**The problem**
Once the line containing "Switching and removing branches via Git-Bash Switching" is reached in the listing below, reproduce it and all later lines through the final one exactly, but omit any pictures.

── Recorded data ──

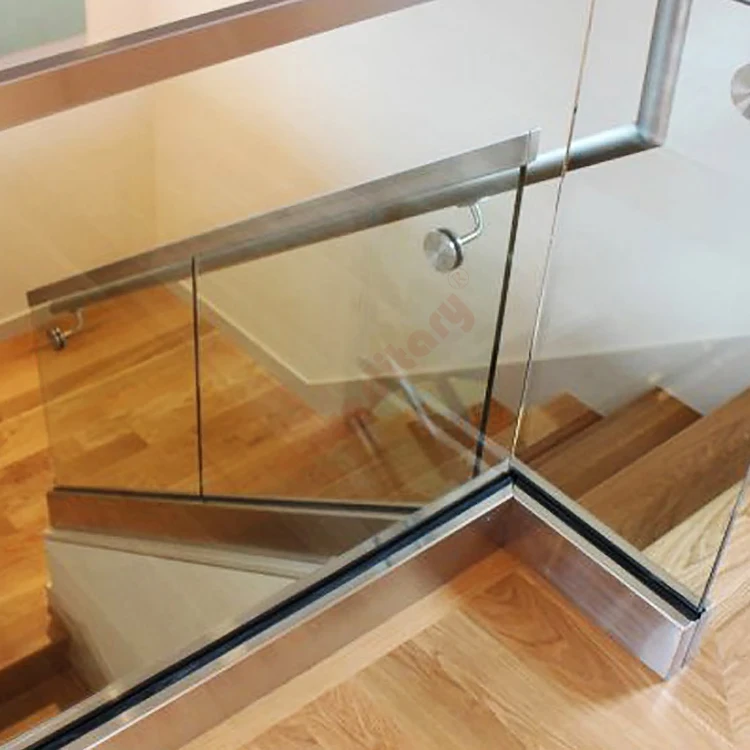 Standard sizes aluminum u channel frameless glass handrail railing system
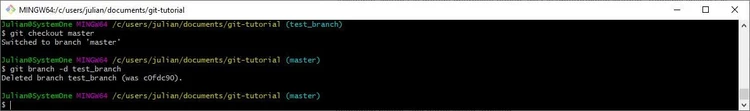 Switching and removing branches via Git-Bash Switching and removing branches via Git-Bash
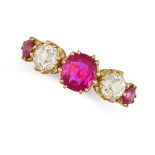 A RUBY AND DIAMOND FIVE STONE RING in yellow gold, set with round and cushion cut rubies and old ...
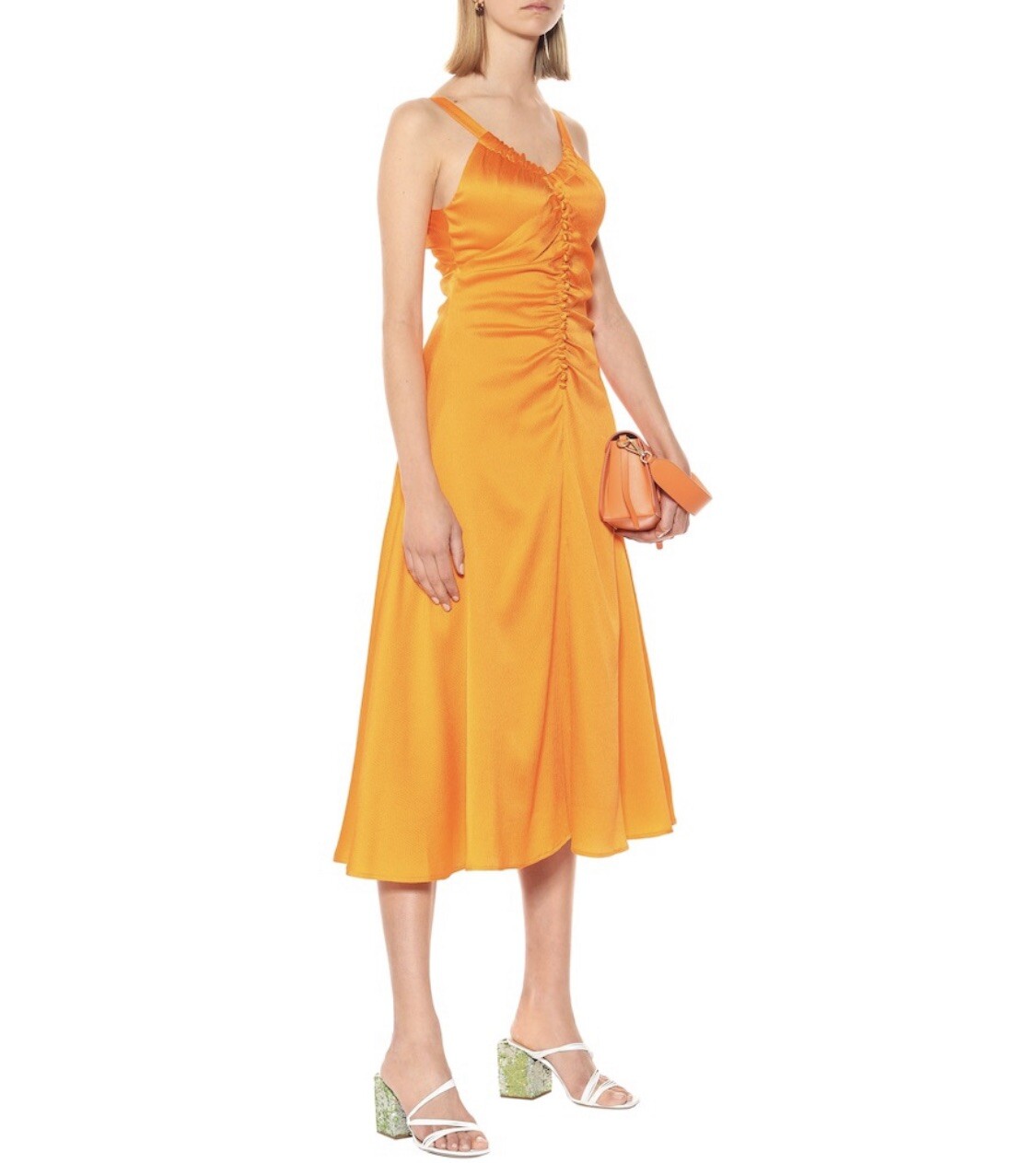 REJINA PYO Toni Hammered Silk-Satin Dress Sz XS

───

**Result for this exercise**
 Switching and removing branches via Git-Bash Switching and removing branches via Git-Bash
 A RUBY AND DIAMOND FIVE STONE RING in yellow gold, set with round and cushion cut rubies and old ...
 REJINA PYO Toni Hammered Silk-Satin Dress Sz XS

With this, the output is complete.